How to manually carve files from the most common file systems you will encounter.
File carving refers to a process used in Digital Forensics to recover data from a file system which has typically been deleted. File carving can be automated using software or done so manually. The sign of a good Digital Forensics practitioner is the ability to do this manually or at the minimum understand how this process is carried out when using forensic programs that can do it for you.
Through learning about file carving we will learn about the most common file systems you will encounter and the different components that make them up.
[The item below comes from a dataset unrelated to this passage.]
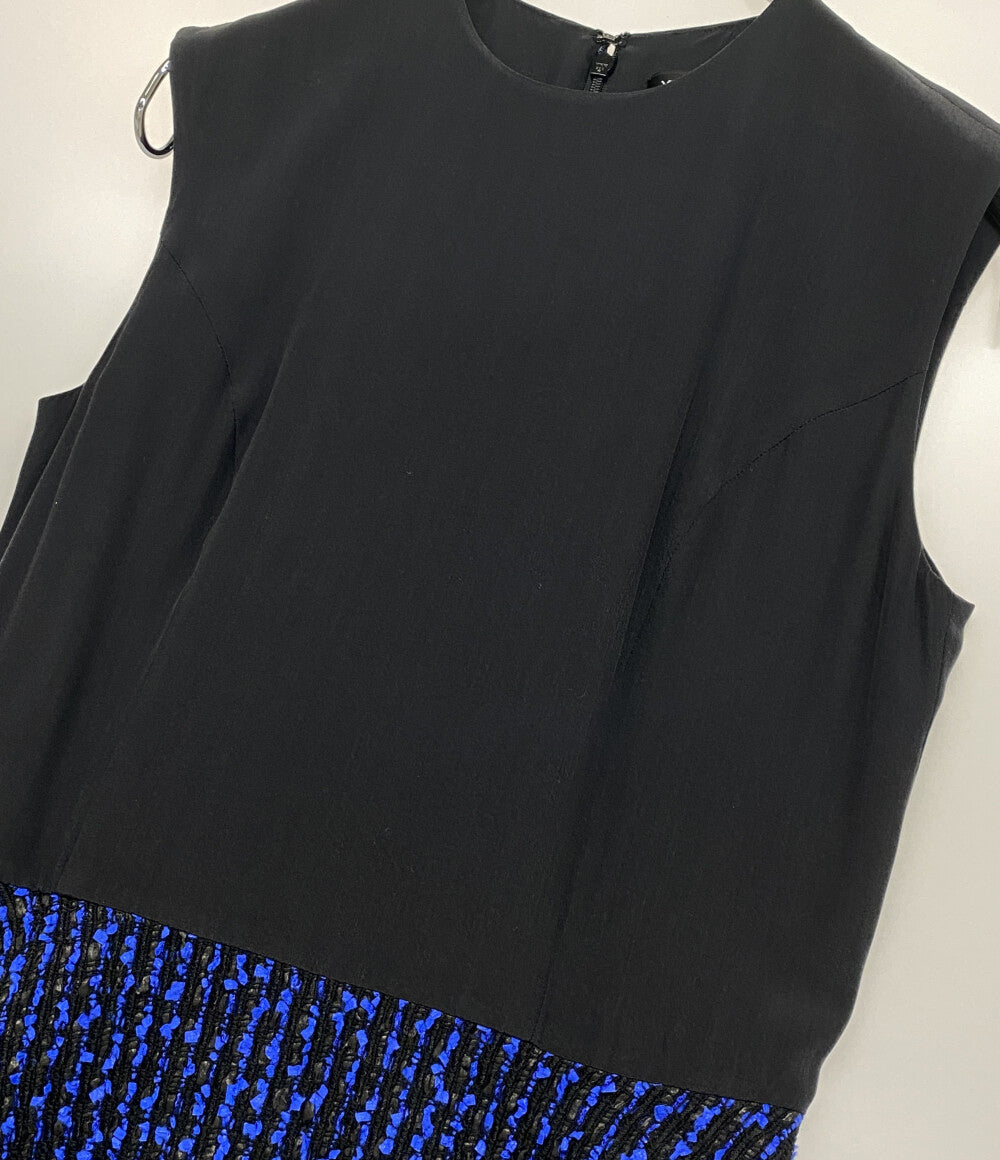 美品 YOKO CHAN ノースリーブワンピース ツイード 切り返し YCD-215-182 レディース SIZE 36 ヨーコチャン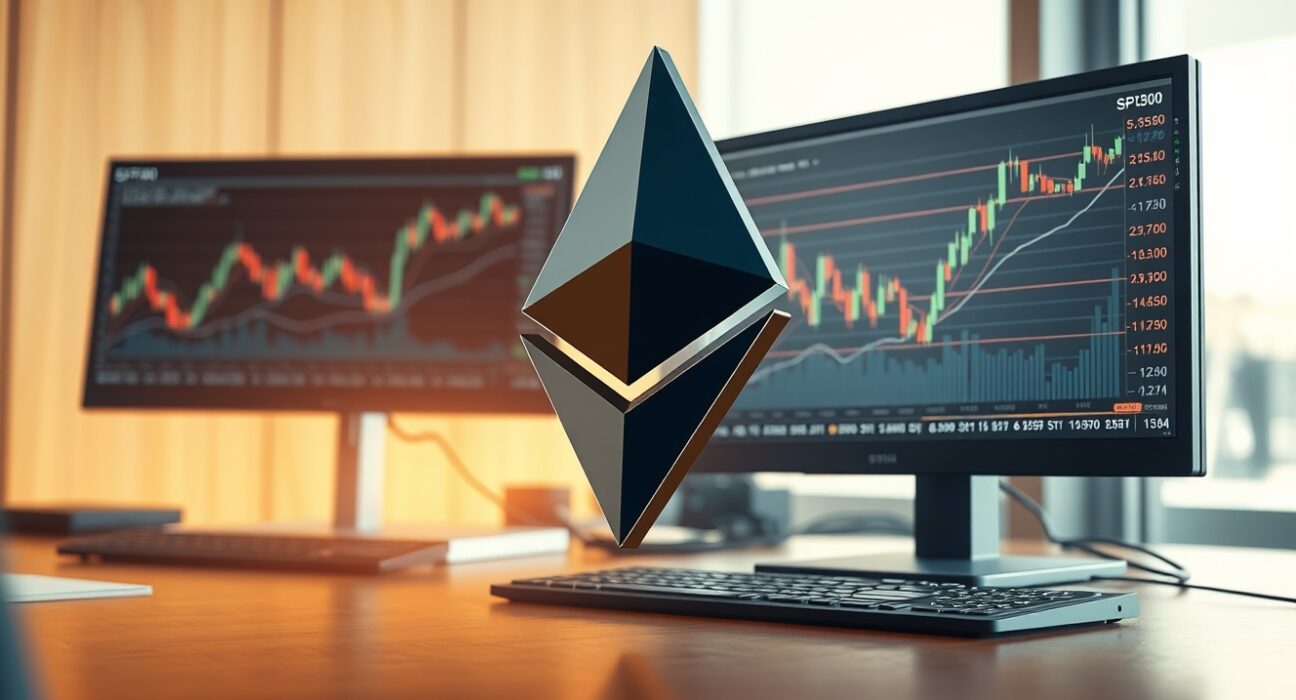 Ethereum cryptocurrency performance compared to S&P 500 stock market index with Federal Reserve decision context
I will explain concepts used within the specific file systems to some detail but recommend referring to the "Useful Links" page to find more information if it isn't written about in-depth here or using Google.
The three file systems I will be writing about are FAT32, exFAT and NTFS.
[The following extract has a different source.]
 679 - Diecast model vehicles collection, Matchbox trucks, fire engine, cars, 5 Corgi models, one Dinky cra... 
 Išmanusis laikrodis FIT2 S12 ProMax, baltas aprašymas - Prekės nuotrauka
FAT32 = File Allocation Table 32 bit version
exFAT = extensible File Allocation Table
NTFS = New Technology File System
In the next post we will begin with FAT32 as this is a great starting point from a learning point of view as well as being less complex as say NTFS, but don't worry it isn't impossible.
When we are carving there are some items of information we will require to successfully recover the file/data from a disk.
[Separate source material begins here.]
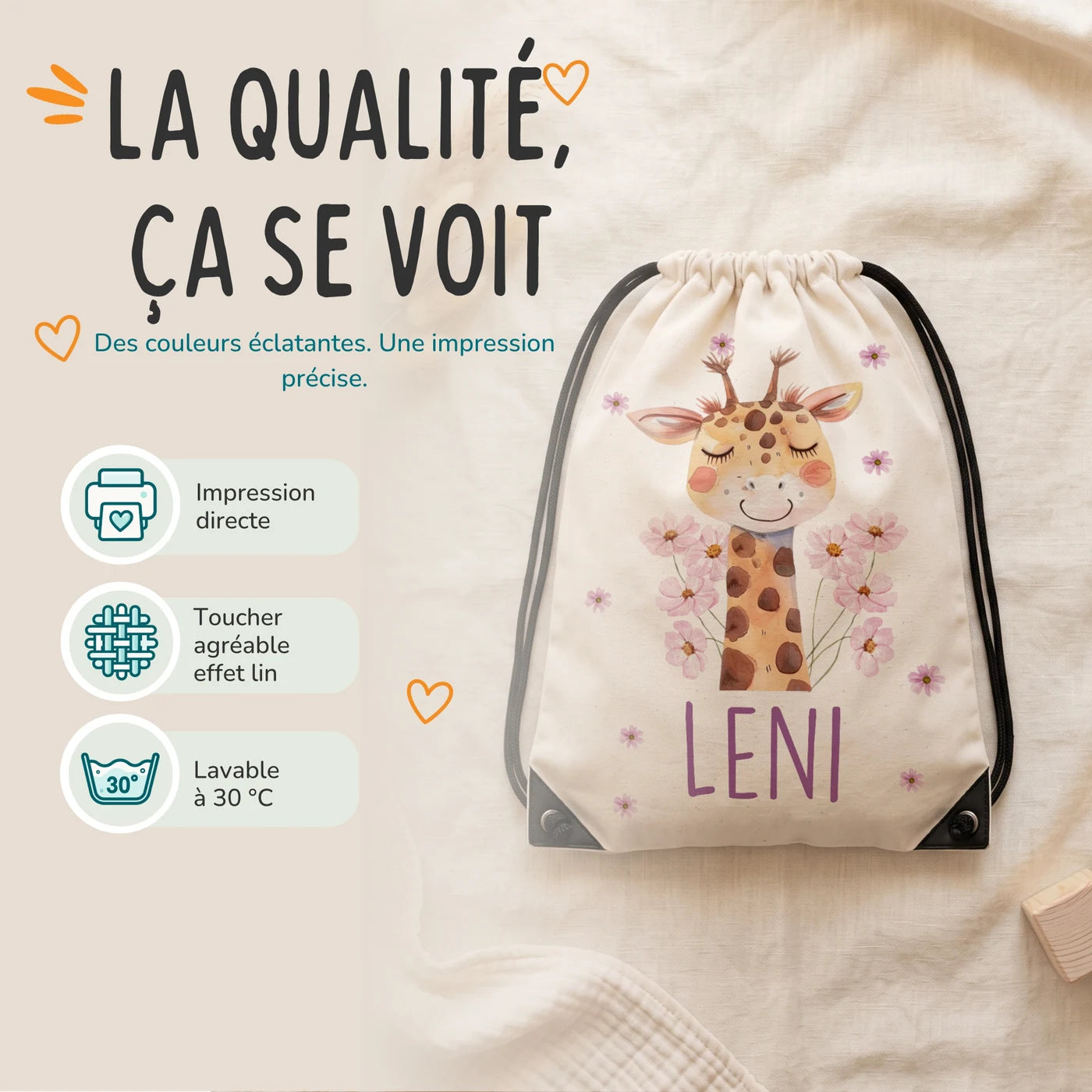 Sac de sport personnalisé, impression directe et lavage à 30 °C, motif girafe — Kidsmood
Importantly we will need to know what file system is being used as this will dictate how the file system stores files and how we carve the file from the specific file system.
Sector and Cluster size
Contiguous or Fragmented
Sector and Cluster size
Disks use sectors and clusters for writing data to them.
Sectors are the smallest writable and allocable unit on a disk. This means if you write a file that is only one byte in size, then a whole sector will be allocated to it. Sectors are almost always 512 bytes in size.
Clusters are made up of a number of sectors. For example, the size of a sector maybe 512 bytes and one cluster may be made up of two sectors making a cluster 1,024 bytes in total.
If you were to have a file with a size of 1,200 bytes then two clusters would be allocated to that file to store it, even though it won't completely fill up the second cluster. If the file expands then more clusters are used to allocate that file.
A file's location lets us know where we need to navigate to within the file system to identify the start of the file we are wanting to recover. The location will be the start of a cluster that we must navigate to in order to find the start of the file.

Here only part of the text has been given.